Prohibirles y espiarles es admitir nuestro fracaso. Hay que acompañarles
Jesús Pernas, consultor de redes y menores
Salvo la reciente limitación horaria de Sara, y Hugo, a quien solo le dejan usarlo el fin de semana, todos usan su móvil sin injerencias paternas. Todos conocen a alguien a quien han insultado con epítetos como “maricón”, “bollera”, “foca” o “furcia” en las redes. Pero ellos, no. Todos suben fotos. Pero ninguna ligeros de ropa o en situaciones comprometidas, aunque el último cotilleo es que una conocida envió una foto desnuda a otro chaval, y acabó “rulando por todo Alcalá”. Todos saben los riesgos a los que se exponen. Pero todos “controlan”, aseveran con el gesto de superioridad de los adolescentes de toda época.
Sara aprovecha su público y cuenta, indignadísima, cómo su madre la “amenazó” con hacerse un perfil en Instagram para controlar sus fotos. “No confía en mí. No sé por quién me toma. Ni siquiera me deja ese poco de intimidad”, se duele, sin reparar en que
cualquiera puede ver sus fotos en esa red. Sauditu, se solidariza con ella: “Yo tampoco quiero que me siga mi madre. Imagina que subo una foto y alguien comenta: “Me pones
tó perraco”. Yo sé que es una broma, y me hace gracia, pero mi madre lo malinterpretaría”.

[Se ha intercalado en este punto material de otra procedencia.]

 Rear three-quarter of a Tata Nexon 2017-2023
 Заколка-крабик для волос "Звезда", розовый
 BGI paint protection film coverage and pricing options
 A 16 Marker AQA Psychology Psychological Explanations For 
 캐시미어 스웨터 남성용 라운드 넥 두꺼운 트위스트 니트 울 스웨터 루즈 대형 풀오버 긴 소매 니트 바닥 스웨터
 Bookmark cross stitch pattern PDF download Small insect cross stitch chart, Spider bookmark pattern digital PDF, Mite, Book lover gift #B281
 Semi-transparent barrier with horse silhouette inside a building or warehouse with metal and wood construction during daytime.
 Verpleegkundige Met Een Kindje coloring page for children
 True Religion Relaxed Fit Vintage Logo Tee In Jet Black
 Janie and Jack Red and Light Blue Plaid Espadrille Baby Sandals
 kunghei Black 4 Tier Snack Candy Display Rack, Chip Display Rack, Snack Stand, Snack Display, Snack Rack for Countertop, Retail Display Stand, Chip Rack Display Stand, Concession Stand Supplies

—¿Y si lo dice un desconocido?
—Le ignoraría, y si sigue molestándome, le bloquearía, y punto.
Para Sara y sus amigos, la vida es simple. Pero la realidad es más compleja.
Hay ciberacoso escolar. Hay
grooming, adultos que se hacen pasar por niños para lograr imágenes o favores sexuales. Hay niños que quedan con desconocidos. Hay casos de adicción a las redes. Hay suicidios. Por haber, hay hasta expertos que aconsejan no permitir el uso del móvil hasta los 16 años, cuando el 83% de los chicos de 14 ya tienen uno.
La inmensa mayoría de los niños y adolescentes usan el móvil para comunicarse y divertirse sanamente. La supervisión, los límites y las normas paternas —recomendadas por todos— parecen estrategias de sentido común para atravesar esa edad, la del pavo, que solo se cura con el tiempo. Dice
Ícaro Moyano, consultor digital, y antiguo ejecutivo de Tuenti, que “en Internet, no hay años
humanos, sino años
perro. Un año en la vida digital, es como cinco o seis en la vida real. Y tres o cuatro años son una generación”. La que separa a Irene de Sara.